WHAT IS REQUIRED -> Please keep the images out and set down the data exactly as given.

COLLECTED DATA ->
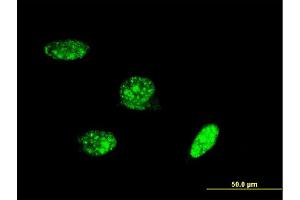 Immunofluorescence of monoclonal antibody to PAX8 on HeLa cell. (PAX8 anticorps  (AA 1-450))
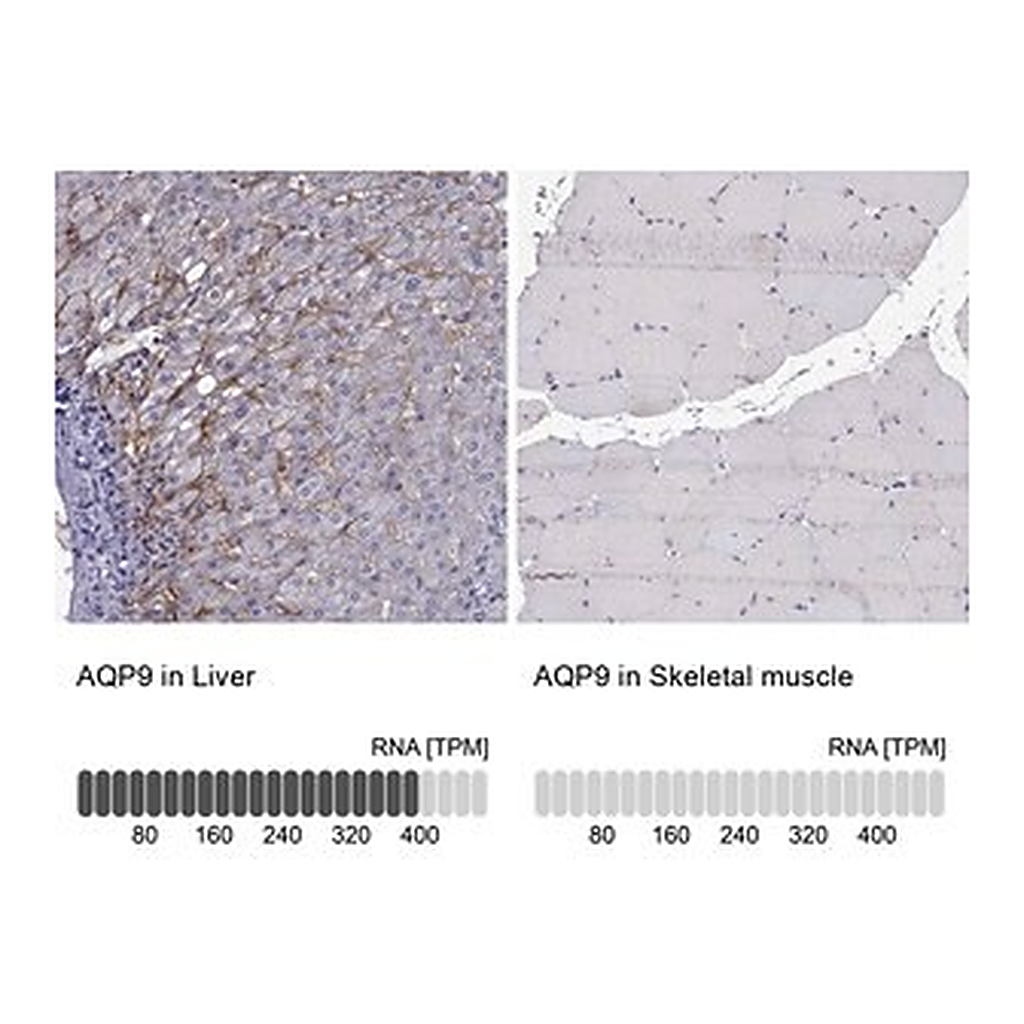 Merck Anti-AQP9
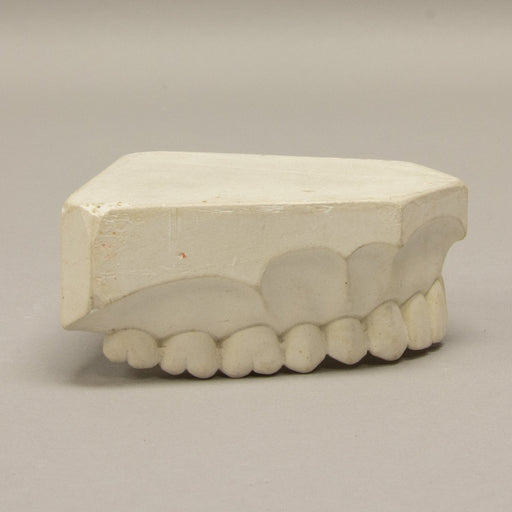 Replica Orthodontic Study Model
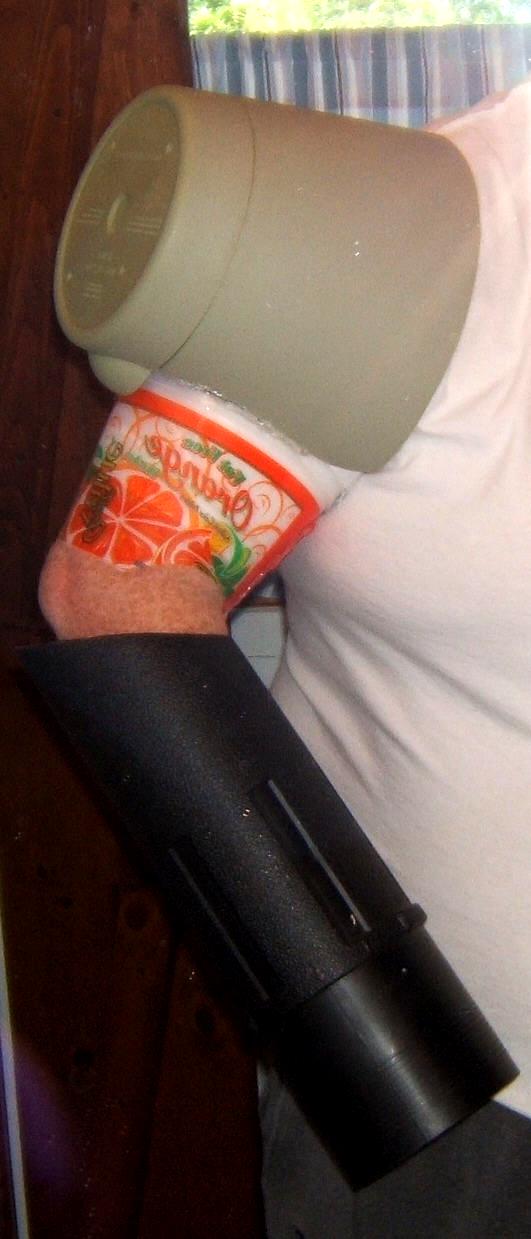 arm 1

OUTPUT FOR THIS TASK ->
 Immunofluorescence of monoclonal antibody to PAX8 on HeLa cell. (PAX8 anticorps  (AA 1-450))
 Merck Anti-AQP9
 Replica Orthodontic Study Model
 arm 1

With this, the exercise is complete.